Help My Unbelief
pp. 87 - 88
Rutledge recounts a significant interview of the great French film star Jeanne Moreau by Mike Wallace in which she completely locked Wallace up into inarticulate bafflement. Wallace tried to get Moreau to bite on his conspiratorial statement, “There’s a feeling in America that passion in a woman of a certain age is unseemly.” Long pause. Then Moreau said, “They’re right.” Wallace was dumbfounded: a French woman, veteran actress in R-rated films, downplays passion? “’Oh, come on,’ said Moreau. ‘Passion! When you get to sixty, you know about love. Love is not passion.’ ‘But there’s nothing wrong with passion,’ Wallace protested, his face a picture of disappointment. . . Moreau replied, ‘I would hate—I would hate to still be overcome with passion.’ As though she were a wise grandmother talking to an adolescent boy, Moreau explained, ‘I have passion for life, but I know about love.
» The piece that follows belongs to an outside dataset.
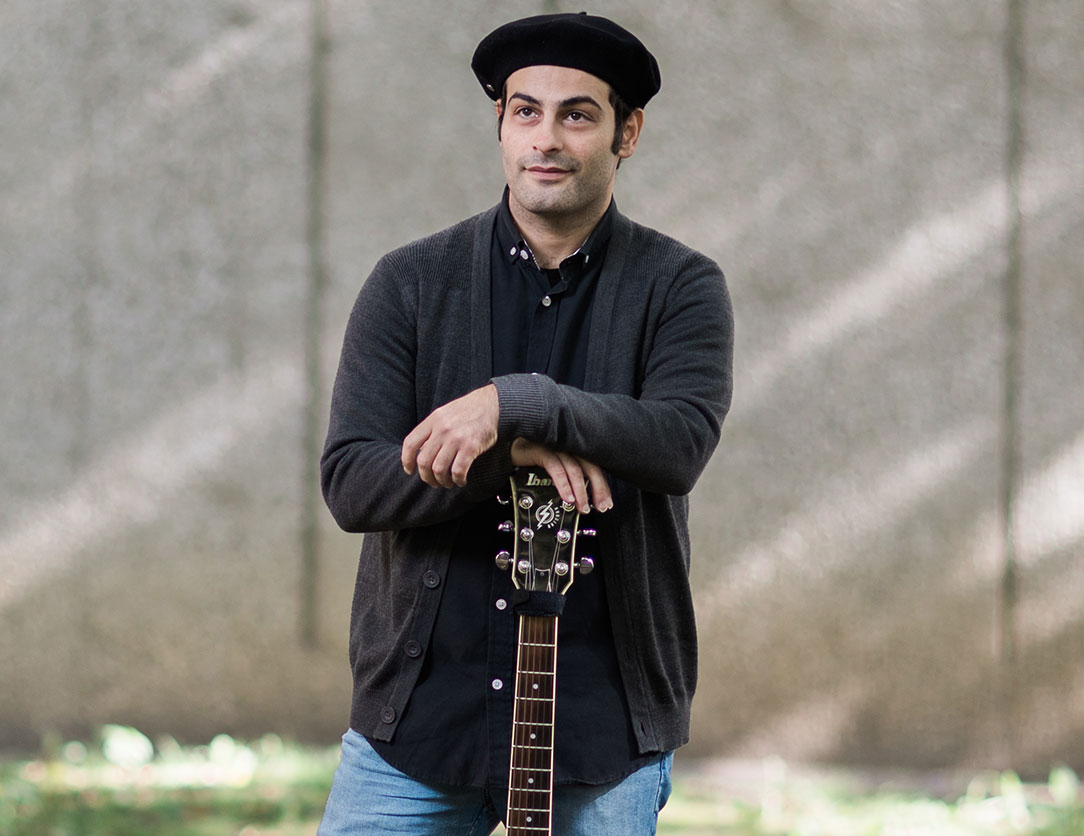 Image of Tony Bali standing outside while leaning on the arm of a guitar, wearing a black beret, black shirt and cardigan.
Love and passion don’t go together. Passion is destructive. Passion is demanding. Passion is jealous. Passion goes up and down. Love is constant.’” As Wallace tried to recover, Moreau added, “‘Compassion. That’s what love is about. You give even more than you receive.’” It was as if Wallace was talking from a secular, sensualist perch, and Moreau from 1 Corinthians 13. He was talking about eros. She was talking about agape. And her preference for agape made Wallace gasp and stammer.